▶ Requirement: When you reach the line with "110 Saint Marks" in the data below, begin printing lines exactly, and stop once the line with "a table and" has been printed.

[Input for this task]

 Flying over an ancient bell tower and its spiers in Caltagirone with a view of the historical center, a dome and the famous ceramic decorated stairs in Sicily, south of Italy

[/Input for this task]
[Input for this task]

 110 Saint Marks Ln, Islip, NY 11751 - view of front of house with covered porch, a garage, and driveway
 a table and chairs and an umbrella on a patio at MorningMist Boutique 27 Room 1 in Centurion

[/Input for this task]
[Input for this task]

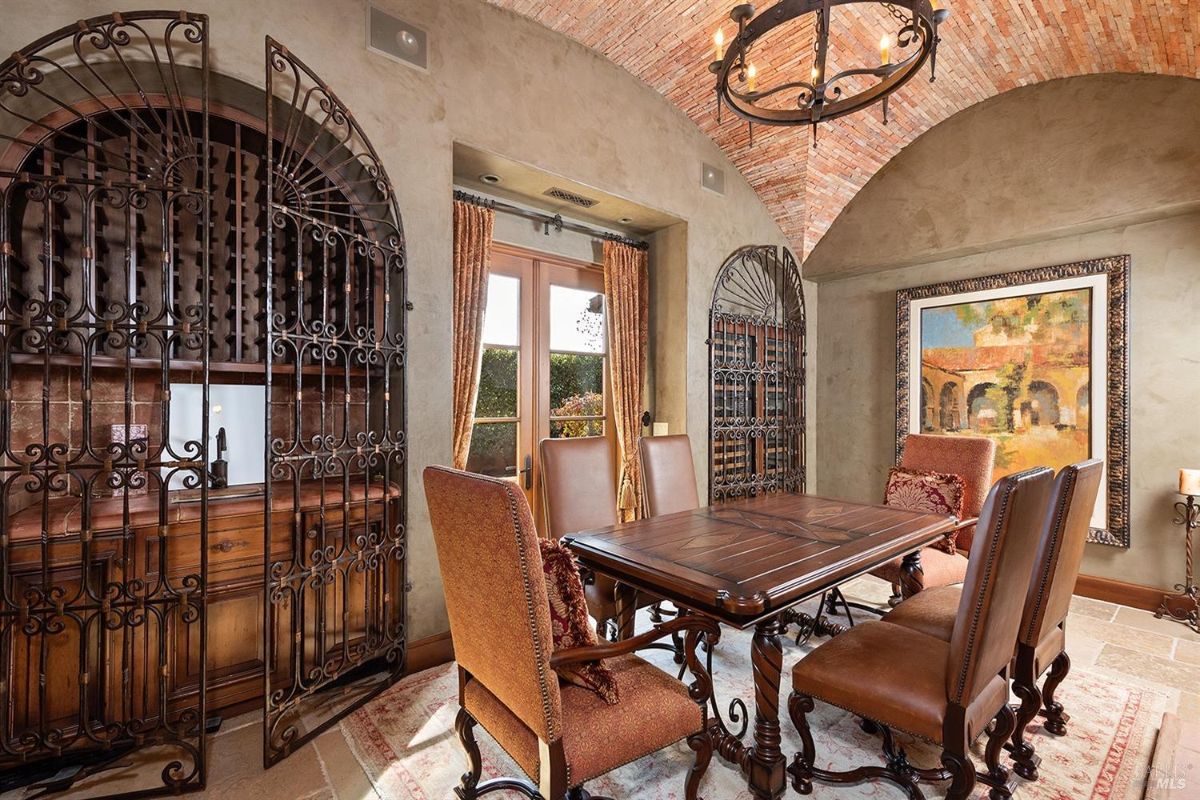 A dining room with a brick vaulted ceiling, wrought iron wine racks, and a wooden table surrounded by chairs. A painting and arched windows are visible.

[/Input for this task]

▶ Result:
 110 Saint Marks Ln, Islip, NY 11751 - view of front of house with covered porch, a garage, and driveway
 a table and chairs and an umbrella on a patio at MorningMist Boutique 27 Room 1 in Centurion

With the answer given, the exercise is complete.